## What is expected
Write out exactly the lines from the one containing "2145 W Autumn" to the end of the material, both ends included, and nothing else. Leave pictures out.

## Input for this task
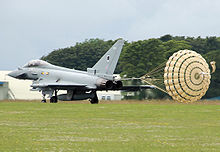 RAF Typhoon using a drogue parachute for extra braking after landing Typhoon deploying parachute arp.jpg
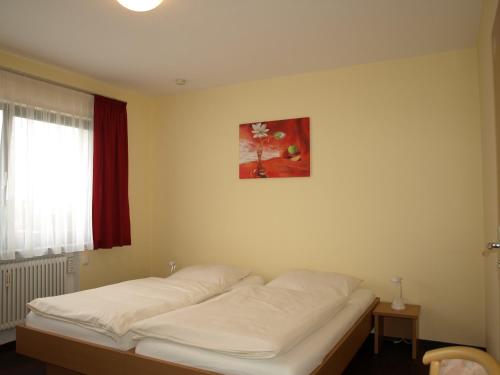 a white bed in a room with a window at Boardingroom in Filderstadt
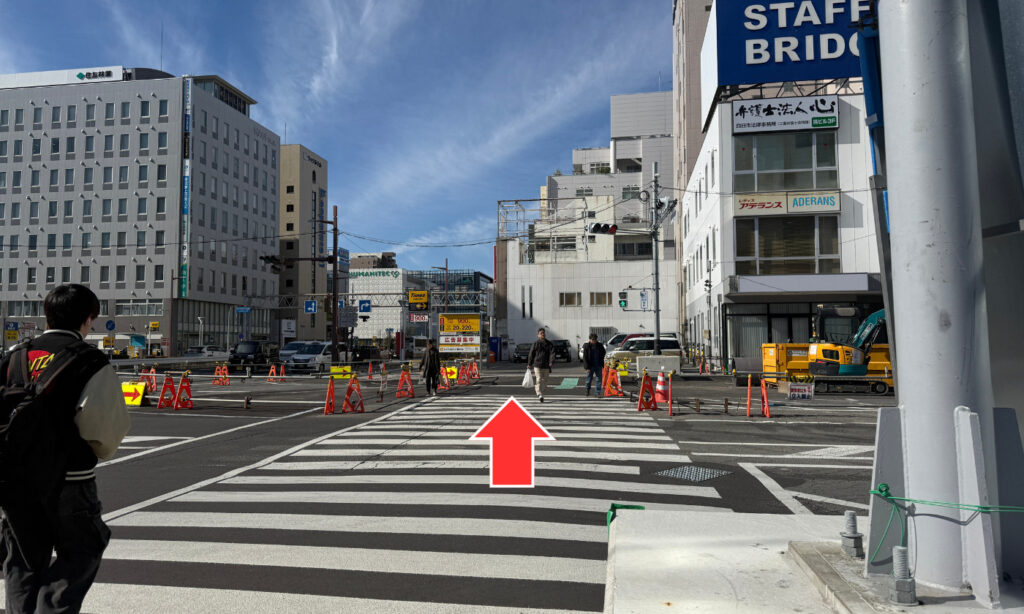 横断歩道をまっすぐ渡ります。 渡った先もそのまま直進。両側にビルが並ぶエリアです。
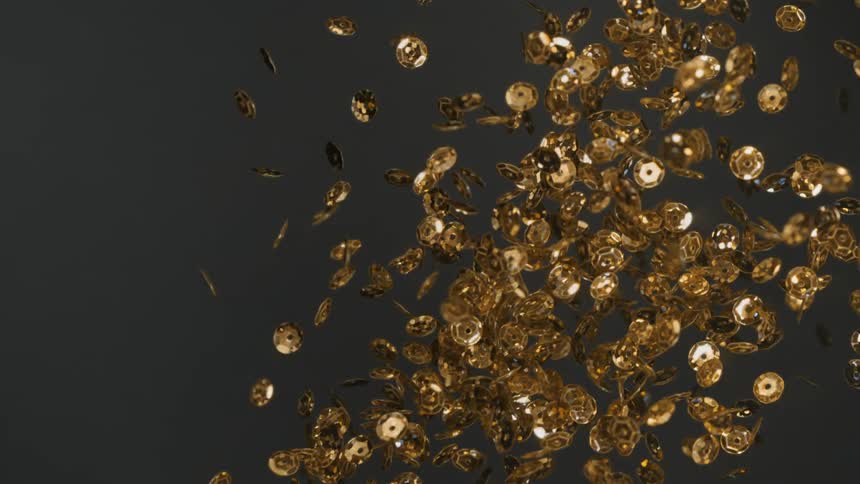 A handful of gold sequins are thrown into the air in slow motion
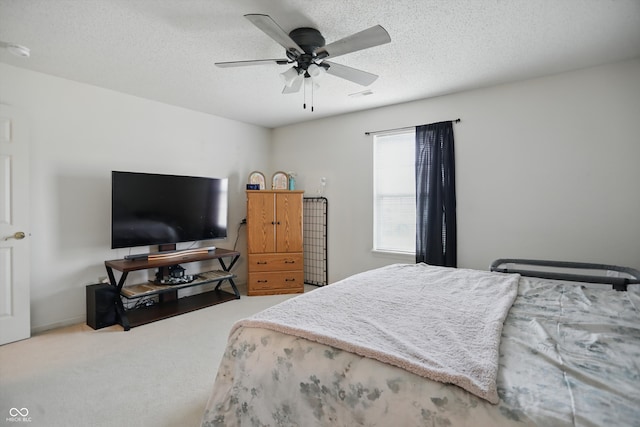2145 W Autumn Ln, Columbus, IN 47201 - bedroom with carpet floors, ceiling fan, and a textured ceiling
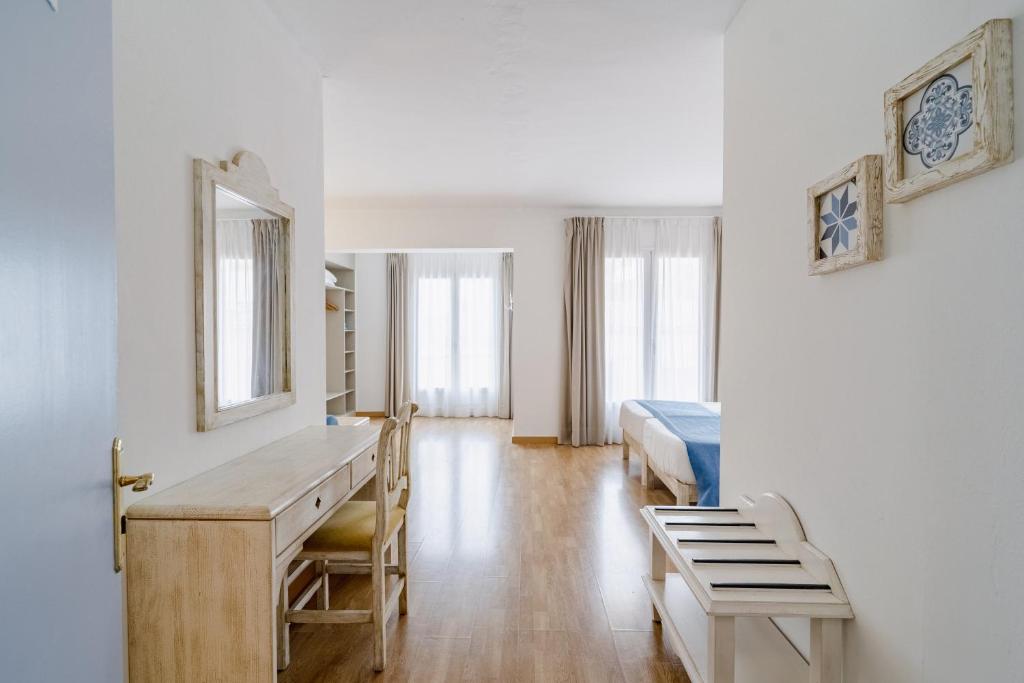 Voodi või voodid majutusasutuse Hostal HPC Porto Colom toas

## Exercise answer
2145 W Autumn Ln, Columbus, IN 47201 - bedroom with carpet floors, ceiling fan, and a textured ceiling
 Voodi või voodid majutusasutuse Hostal HPC Porto Colom toas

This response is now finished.